Le premier mécanisme a été décrit pour la première fois par les psychologues Amos Tversky et Daniel Kahneman en 1973. Il s’agit de la tendance à penser que ce dont nous avons entendu parler récemment est plus courant que ce qu’il ne l’est en réalité.

Le deuxième mécanisme dont parle l’article de l’université de British Columbia est une tendance à rechercher des informations qui confirment nos vues, confortent nos opinions. Ce biais de confirmation tend au fil du temps à nous enfermer dans une vision du monde totalement hermétique à ce qui est autre et différent.

Pour reprendre les termes de Schütz dont je vous parlais plus haut, cela reviendrait à penser uniquement le monde par types et allant-de-soi jusqu’à le transformer en stéréotypes.

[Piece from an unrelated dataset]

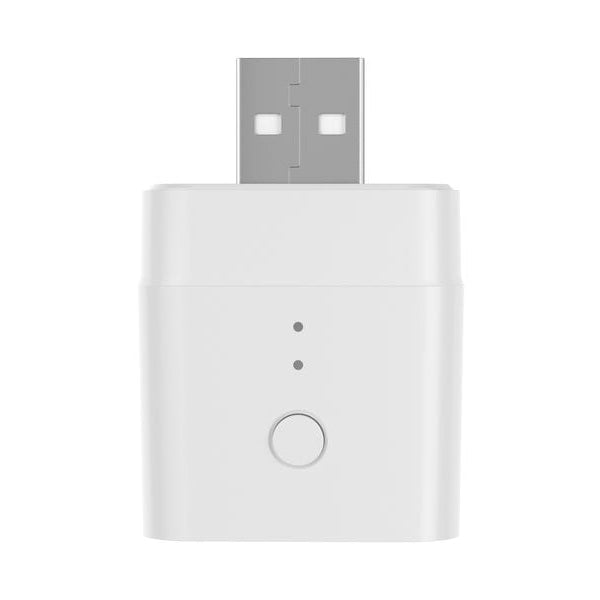 SONOFF ZigBee-Schaltaktor ZB Micro 5-22 V DC 4.6 A 36 W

De même, qu'est-ce qui peut expliquer que certains Français voient le monde de façon plus positive qu'il ne l'est en réalité ?

Pour le dire autrement, après pourquoi certaines personnes voyaient les choses en noir, à présent, pourquoi certaines personnes voient-elles les choses en rose, c’est bien cela ?

Parce qu’elles ont tendance à se penser plus riches qu’elles ne le sont en se basant sur une évaluation erronée de la nature des fonds dont elles disposent.

En effet, comme l’explique Alberto Cardaci dans un article pour The Conversation intitulé « Pourquoi se croit-on plus riche qu’on ne l’est en réalité ? », certaines personnes ont tendance à évaluer leurs propres richesses de façon plus optimiste qu’une évaluation objective de la situation ne le leur permettrait. Le chercheur explique, en effet, que certains auront tendance à considérer comme capitaux à leur disposition les fonds qui leur appartiennent en propre et ceux qui proviennent d’un emprunt pas encore remboursé. Autrement dit, certaines personnes englobent dans leurs capitaux à disposition des capitaux qui ne leur ont été que prêtés.

Cette perception joue dans l’évaluation de leur situation et dans les décisions qu’elles prennent, notamment les décisions d’achat. En effet, lorsqu’elles se poseront la question d’acheter ou non un article, elles en rapporteront le prix à un total composé de leurs fonds propres et des fonds qu’elles ont empruntés. Autrement dit, se pensant plus riches qu’elles ne le sont, ces personnes auront tendance à consommer plus que ce que ne leur permettent leurs fonds propres.